Dodał, że następny rząd nie powinien czekać na dojście do władzy, aż „otworzy księgi”, dodając, że są one publikowane i dostępne dla każdego.
„Musimy wykorzystać to jako podstawę otwartej i zdecydowanej debaty w trakcie kampanii wyborczej” – dodał.

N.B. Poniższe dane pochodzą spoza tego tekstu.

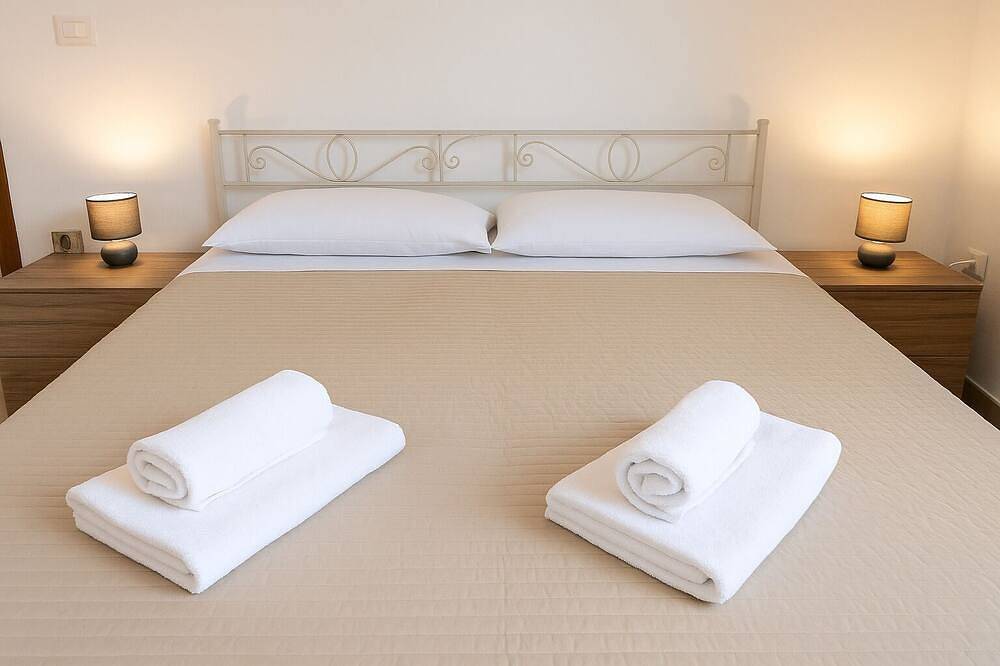 Apartamento entero, Entire 2-bedroom apartment 5 minutes from the sea in Vibo Marina, Vibo Valentia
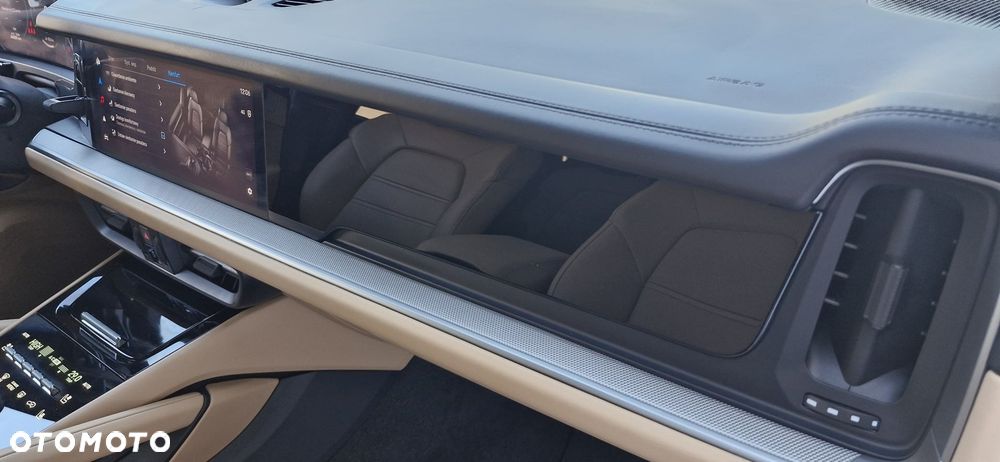 Porsche Cayenne E-Hybrid PHEV - 13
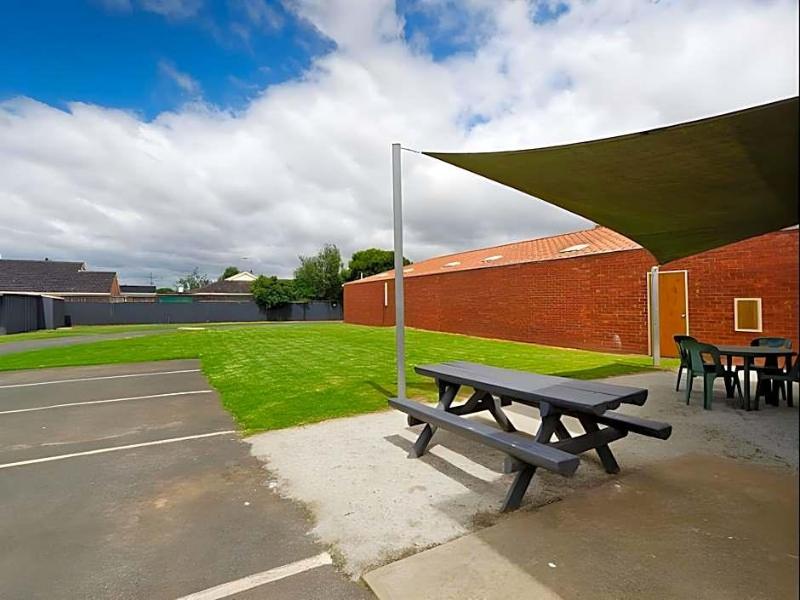 Werribee Motel & Apartments image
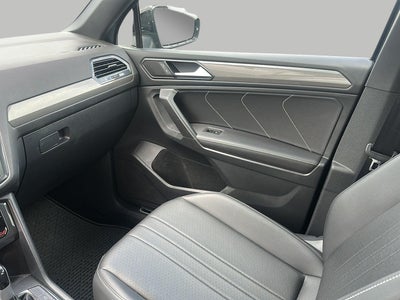 2023 Volkswagen Tiguan 2.0T SE R-Line Black 4MOTION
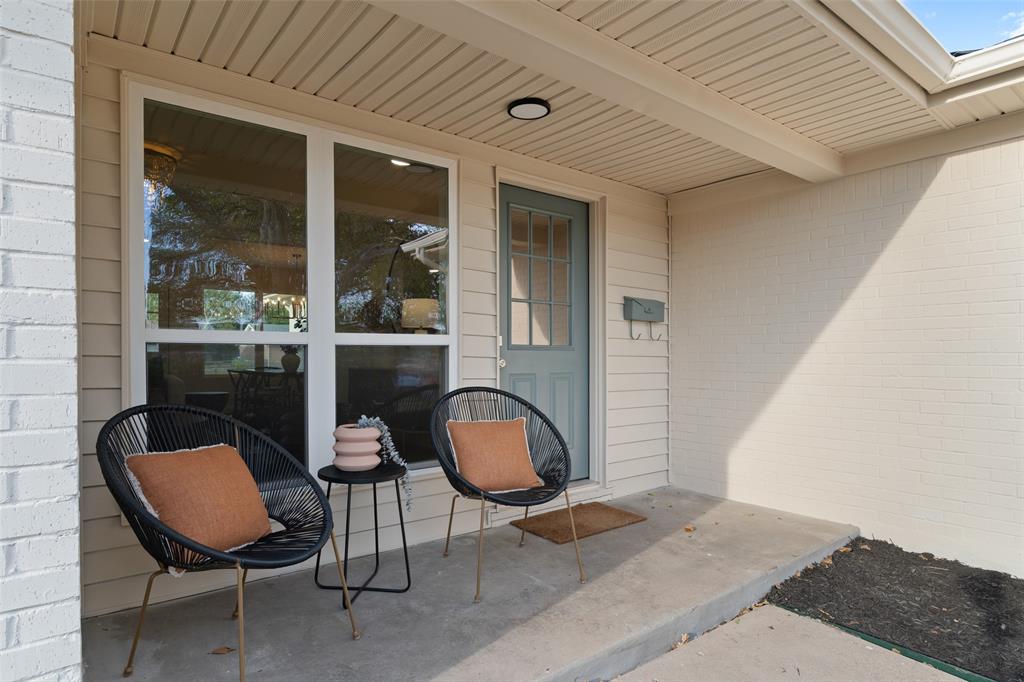 613 E Tyler Street Property Photo 3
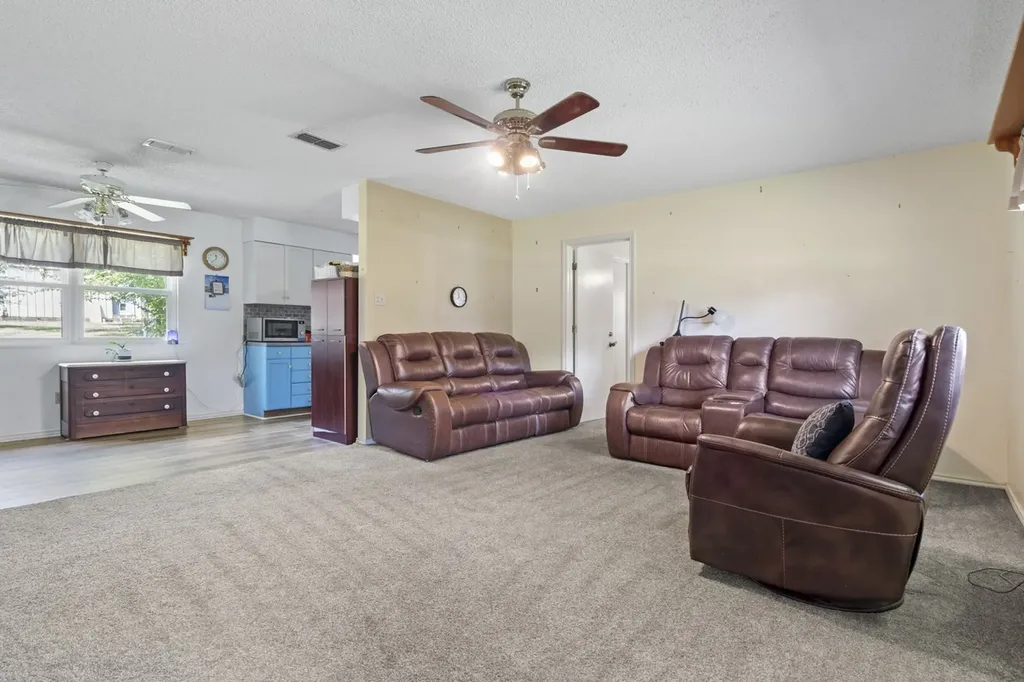 1282 Rs County Road 3325 Emory TX 75440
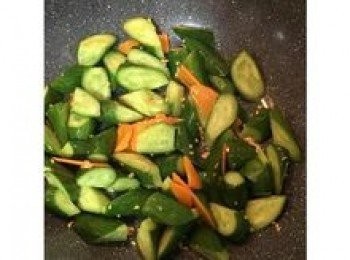 step9: 入小黃瓜，並下少許鹽繼續拌炒；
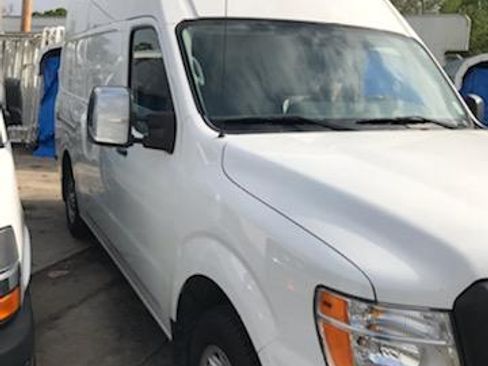 Used 2021 Nissan NV 2500 High Roof RWD image 2
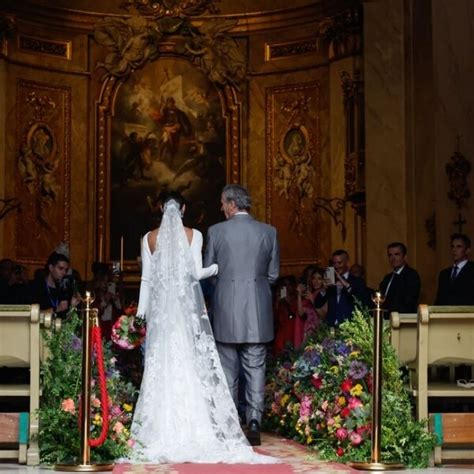 Marta L Pez Lamo En Su Entrada A Su Boda Con Kiko Matamoros Boda De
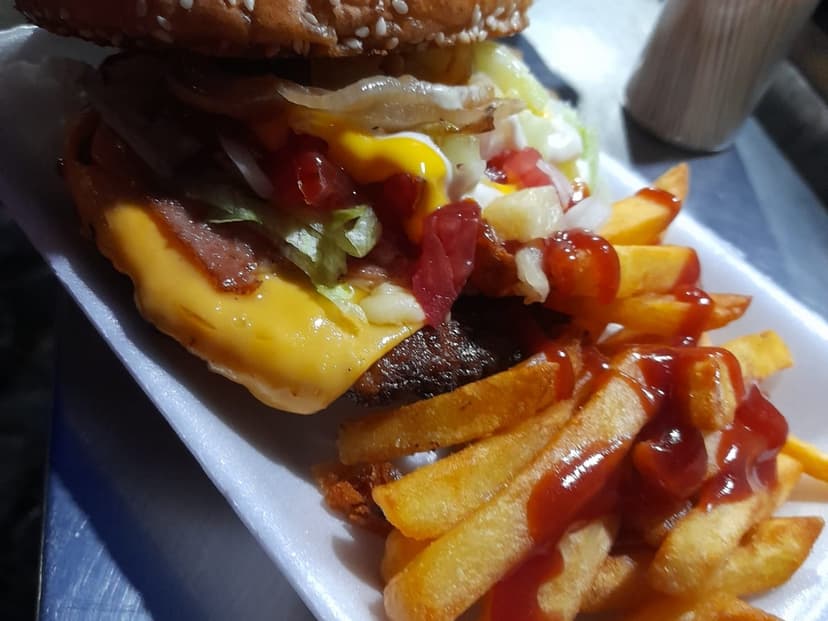 Hot Dogs y Hamburguesas Iván
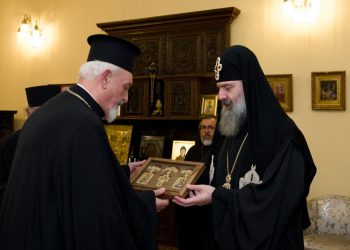 შიო მესამემ მსოფლიო საპატრიარქოს წარმომადგენელს, ქალკედონის მიტროპოლიტ ემანუელს უმასპინძლა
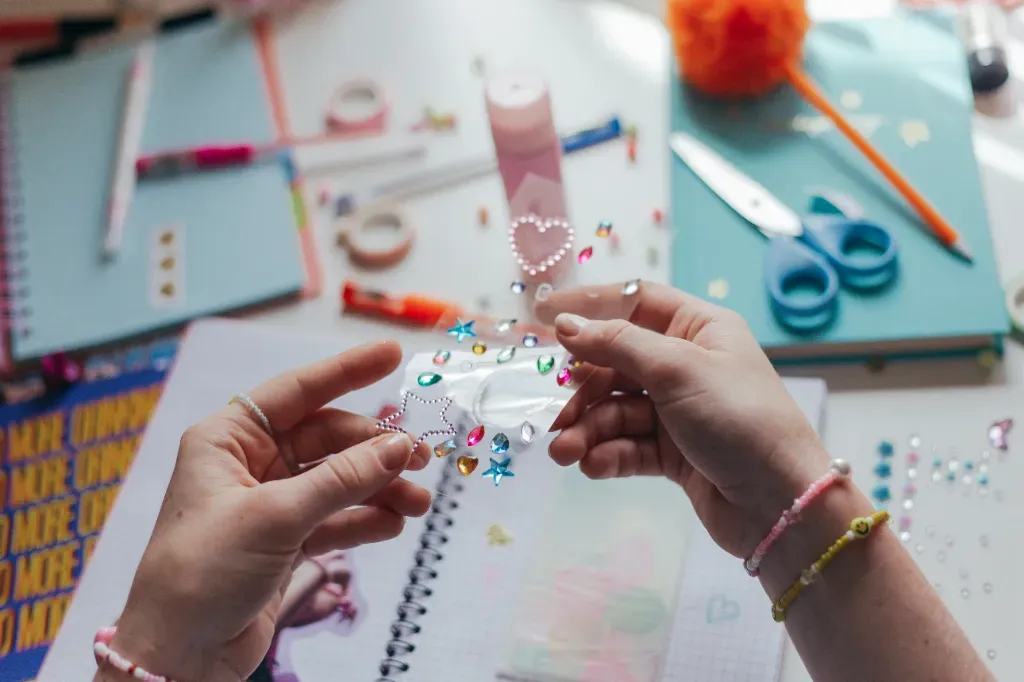 Scrapbooking sklep – jak wybrać miejsce, które naprawdę wspiera Twoją kreatywność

Ostrzeżenie IFS jest podobne do tego, które wydało po marcowej uchwale budżetowej, kiedy mówiło o „zmowie milczenia”, co oznaczało, że główne partie nie przyznały się do potencjalnych wyzwań ani nie wyjaśniły, jak sobie z nimi poradzą.
Wszystkie partie zaproponują w nadchodzących tygodniach politykę, która ich zdaniem poprawi sytuację wyborców.
Ponieważ jednak większość ekonomistów dochodzi do podobnych wniosków co Instytut Finansów Międzynarodowych, takie obietnice zostaną złożone w kontekście ograniczonych finansów publicznych, co może oznaczać przed nami trudne wybory, które ostatecznie mogą mieć wpływ na losy wyborców.
W odpowiedzi na ustalenia IFS Darren Jones, główny sekretarz skarbu w gabinecie cieni, powiedział, że Partia Pracy nie ma złudzeń co do skali wyzwania, przed którym stanie.
„Kraj zobaczy pełną skalę wyzwania dopiero wtedy, gdy wygramy wybory” – powiedział. „Obiecaliśmy natychmiastowy zastrzyk pieniędzy w nasze usługi publiczne, a następnie będziemy pracować nad zmianą kursu kraju”.
BBC zwróciło się również do konserwatystów z prośbą o komentarz.
„Amatorski przedsiębiorca. Profesjonalny ekspert od internetu. Człowiek zombie. Nieuleczalny badacz popkultury”.